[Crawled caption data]

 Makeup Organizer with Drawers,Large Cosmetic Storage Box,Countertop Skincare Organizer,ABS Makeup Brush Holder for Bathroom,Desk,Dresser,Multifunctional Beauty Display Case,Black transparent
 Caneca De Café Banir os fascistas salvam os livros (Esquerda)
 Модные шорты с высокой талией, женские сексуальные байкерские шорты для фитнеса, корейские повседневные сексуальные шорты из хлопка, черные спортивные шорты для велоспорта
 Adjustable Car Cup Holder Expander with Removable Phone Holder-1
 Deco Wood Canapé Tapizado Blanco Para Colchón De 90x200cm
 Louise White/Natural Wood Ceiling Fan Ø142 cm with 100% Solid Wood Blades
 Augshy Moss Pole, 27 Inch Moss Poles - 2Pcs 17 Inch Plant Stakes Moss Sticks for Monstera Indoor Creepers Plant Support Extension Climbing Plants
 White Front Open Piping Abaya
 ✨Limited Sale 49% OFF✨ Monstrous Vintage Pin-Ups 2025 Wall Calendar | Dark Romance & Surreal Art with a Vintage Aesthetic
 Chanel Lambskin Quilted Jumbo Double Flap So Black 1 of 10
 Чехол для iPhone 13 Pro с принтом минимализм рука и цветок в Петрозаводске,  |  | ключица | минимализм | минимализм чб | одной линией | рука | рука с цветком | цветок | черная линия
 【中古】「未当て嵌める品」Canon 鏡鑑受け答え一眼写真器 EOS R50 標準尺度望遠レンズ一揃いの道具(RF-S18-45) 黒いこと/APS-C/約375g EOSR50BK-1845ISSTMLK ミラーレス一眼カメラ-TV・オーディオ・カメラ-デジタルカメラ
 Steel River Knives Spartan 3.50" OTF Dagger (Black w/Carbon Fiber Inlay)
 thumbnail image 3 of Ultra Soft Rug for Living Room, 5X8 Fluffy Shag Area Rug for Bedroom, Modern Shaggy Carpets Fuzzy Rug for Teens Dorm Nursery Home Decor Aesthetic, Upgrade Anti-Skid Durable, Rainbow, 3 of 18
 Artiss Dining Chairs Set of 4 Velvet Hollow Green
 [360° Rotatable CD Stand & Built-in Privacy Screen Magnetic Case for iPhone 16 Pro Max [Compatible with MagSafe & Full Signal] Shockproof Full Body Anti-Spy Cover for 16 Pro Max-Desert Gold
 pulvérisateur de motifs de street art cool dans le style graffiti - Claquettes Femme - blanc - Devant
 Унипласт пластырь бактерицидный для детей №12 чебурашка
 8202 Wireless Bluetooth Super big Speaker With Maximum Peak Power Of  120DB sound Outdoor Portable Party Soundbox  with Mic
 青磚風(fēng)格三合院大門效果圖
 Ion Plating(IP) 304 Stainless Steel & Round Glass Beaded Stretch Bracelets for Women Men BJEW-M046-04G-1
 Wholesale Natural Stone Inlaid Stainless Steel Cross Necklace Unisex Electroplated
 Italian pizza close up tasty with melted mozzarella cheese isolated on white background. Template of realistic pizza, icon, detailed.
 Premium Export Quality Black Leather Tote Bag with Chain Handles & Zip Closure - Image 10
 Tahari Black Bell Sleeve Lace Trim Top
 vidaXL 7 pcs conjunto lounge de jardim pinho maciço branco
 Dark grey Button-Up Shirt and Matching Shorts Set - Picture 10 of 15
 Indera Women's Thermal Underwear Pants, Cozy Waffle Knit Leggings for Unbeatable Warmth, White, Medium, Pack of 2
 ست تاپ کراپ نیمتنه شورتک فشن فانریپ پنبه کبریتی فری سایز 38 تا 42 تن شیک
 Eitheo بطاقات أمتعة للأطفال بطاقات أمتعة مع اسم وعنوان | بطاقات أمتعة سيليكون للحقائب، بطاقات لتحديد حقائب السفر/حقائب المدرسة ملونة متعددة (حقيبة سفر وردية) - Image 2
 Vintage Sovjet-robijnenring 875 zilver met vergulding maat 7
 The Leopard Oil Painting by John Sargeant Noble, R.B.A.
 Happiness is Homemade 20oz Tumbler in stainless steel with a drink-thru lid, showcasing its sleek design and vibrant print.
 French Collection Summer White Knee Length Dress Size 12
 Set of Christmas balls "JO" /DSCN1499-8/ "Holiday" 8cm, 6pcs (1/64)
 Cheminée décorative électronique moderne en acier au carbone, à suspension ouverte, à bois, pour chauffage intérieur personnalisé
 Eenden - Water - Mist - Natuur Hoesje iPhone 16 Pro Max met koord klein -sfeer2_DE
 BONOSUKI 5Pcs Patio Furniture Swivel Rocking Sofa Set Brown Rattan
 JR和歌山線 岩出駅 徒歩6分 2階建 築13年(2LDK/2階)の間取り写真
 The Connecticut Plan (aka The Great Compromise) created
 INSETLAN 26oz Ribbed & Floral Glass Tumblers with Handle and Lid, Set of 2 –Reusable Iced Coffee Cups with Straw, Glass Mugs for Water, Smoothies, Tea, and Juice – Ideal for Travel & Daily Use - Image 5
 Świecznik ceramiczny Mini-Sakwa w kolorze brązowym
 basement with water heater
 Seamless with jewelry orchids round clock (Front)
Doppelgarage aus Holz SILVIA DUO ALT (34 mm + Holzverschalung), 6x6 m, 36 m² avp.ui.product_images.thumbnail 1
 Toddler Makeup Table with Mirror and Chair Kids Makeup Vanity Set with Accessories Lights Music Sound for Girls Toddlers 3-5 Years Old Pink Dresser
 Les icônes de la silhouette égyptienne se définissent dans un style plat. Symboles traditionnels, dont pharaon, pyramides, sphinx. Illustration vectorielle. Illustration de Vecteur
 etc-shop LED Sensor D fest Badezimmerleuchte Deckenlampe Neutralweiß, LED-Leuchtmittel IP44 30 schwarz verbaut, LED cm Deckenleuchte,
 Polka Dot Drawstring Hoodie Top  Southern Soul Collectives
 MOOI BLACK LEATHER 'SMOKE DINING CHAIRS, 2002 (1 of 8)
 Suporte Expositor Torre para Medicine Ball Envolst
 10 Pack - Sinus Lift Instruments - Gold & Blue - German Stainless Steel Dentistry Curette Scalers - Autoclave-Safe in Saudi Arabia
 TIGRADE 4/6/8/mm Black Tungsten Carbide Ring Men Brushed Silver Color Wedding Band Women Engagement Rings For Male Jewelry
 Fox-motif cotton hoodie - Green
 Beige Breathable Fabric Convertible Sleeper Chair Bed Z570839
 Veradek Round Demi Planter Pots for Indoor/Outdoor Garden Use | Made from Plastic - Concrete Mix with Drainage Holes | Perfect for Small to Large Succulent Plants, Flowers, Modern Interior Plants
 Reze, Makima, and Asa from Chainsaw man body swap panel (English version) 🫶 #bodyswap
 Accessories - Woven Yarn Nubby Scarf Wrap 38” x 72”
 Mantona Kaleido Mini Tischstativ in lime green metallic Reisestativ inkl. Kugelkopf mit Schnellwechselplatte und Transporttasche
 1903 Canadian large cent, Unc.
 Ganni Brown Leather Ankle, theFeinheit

ACTIVITY: Would you filter the entries above and keep each line that has the word "Natural"?

EXERCISE SOLUTION:
 Louise White/Natural Wood Ceiling Fan Ø142 cm with 100% Solid Wood Blades
 Wholesale Natural Stone Inlaid Stainless Steel Cross Necklace Unisex Electroplated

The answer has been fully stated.